Here’s some of the top stories on this, the last Monday of August. Also, fair warning: Christmas retail promotions are imminent. With the state of the economy being what it is, retailers know all too well that seasonality helps; especially one that makes us smile, sing songs, and … spend money.
Maybe saving money is not better with friends: Facebook axes deals
Titans of Tech 2.0 are learning that size alone don’t guarantee market success. Google’s bombs include Buzz, Wave (and the jury is out on Google Plus, their new social networking site) and arguably their rocky entry into the Web retailing business with the Google Nexus smartphone in 2010. Facebook is quickly learning this lesson too. First the company quietly killed off Places which was their check-in service aimed at competing with Fourquare. Now, they’ve axed Deals. So much for taking down Groupon.
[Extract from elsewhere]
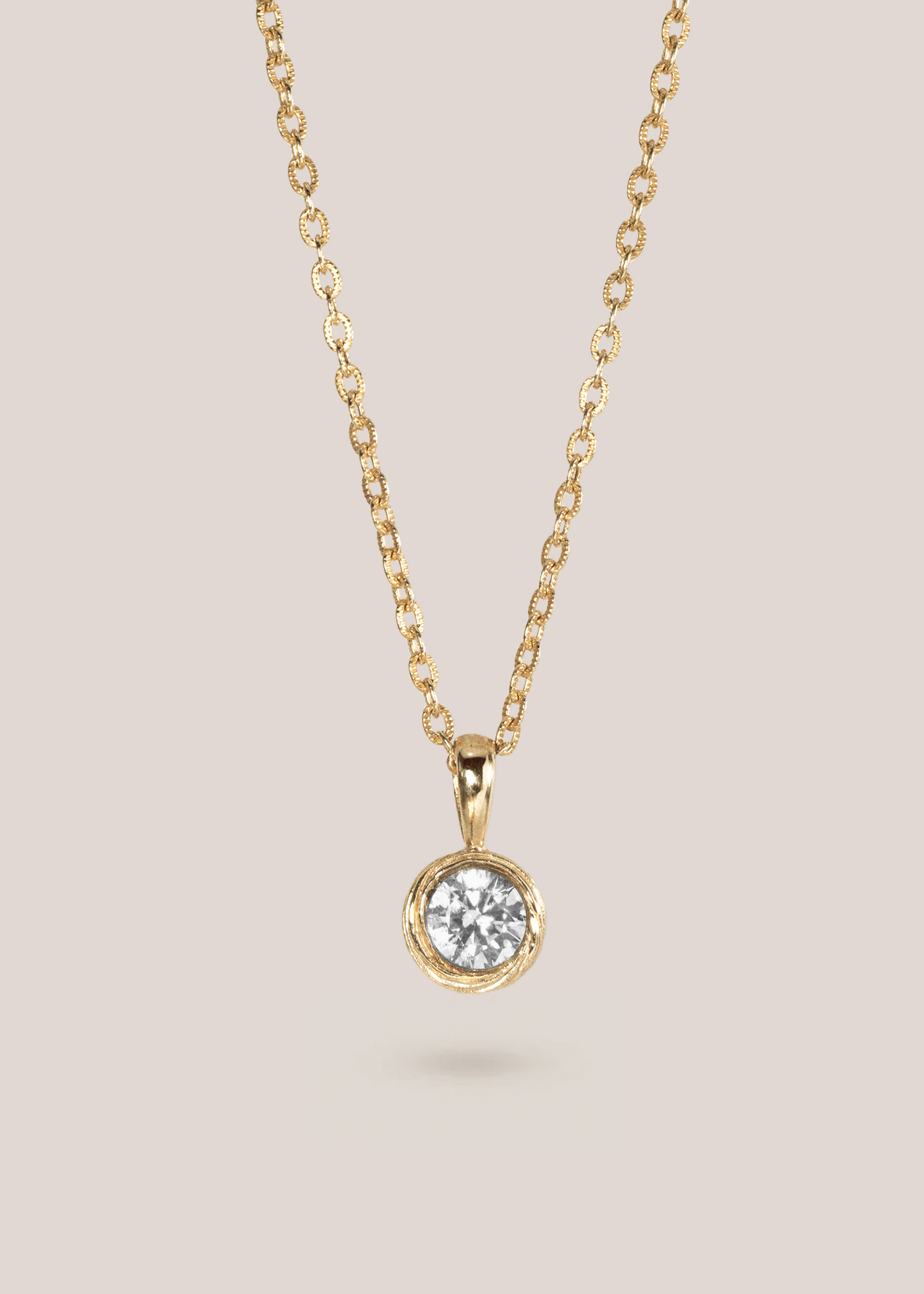 Vela Round Pendant / gold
“We think there is a lot of power in a social approach to driving people into local businesses,” Facebook added in the statement. “We’ve learned a lot from our test and we’ll continue to evaluate how to best serve local businesses.”
Meanwhile, Groupon continues to prep for a $750 million IPO scheduled for later this year.
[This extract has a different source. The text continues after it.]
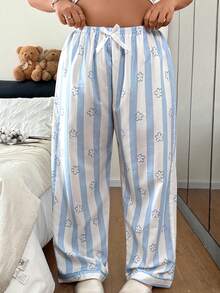 Napfluff CURVE Napfluff CURVE Calça de Pijama Feminina Plus Size com Estampa Floral Listrada Azul & Branca, Decoração de Laço Branco, Uso em Todas as Estações - Azul e Branco - Visão 3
Not everything about Google Plus is positive. The social network has added an ignore button. Don’t want to hear about Steve Jobs again? You can ignore that user who incessantly posts those animated gifs and tribute videos. The feature is aimed at mimicking real life social interaction.
“Ignoring someone is basically saying you’re just not interested,” wrote Google engineer Olga Wichrowska. “Maybe you don’t know them or maybe you don’t want to see what they’re sharing.”
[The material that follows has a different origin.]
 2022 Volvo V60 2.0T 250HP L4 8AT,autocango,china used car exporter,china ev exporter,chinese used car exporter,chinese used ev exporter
Young women leading social media charge
If you think social media is the province of gadget-hoarding teen boys, think again. A recent report reveals that young women are leading the charge. Pew, who commissioned the report (based on a survey of 2,277 adults), calls young adult women the “power users” of social-media sites. Overall, 69% of women on the Web said they use social networking, compared to 60% of all men.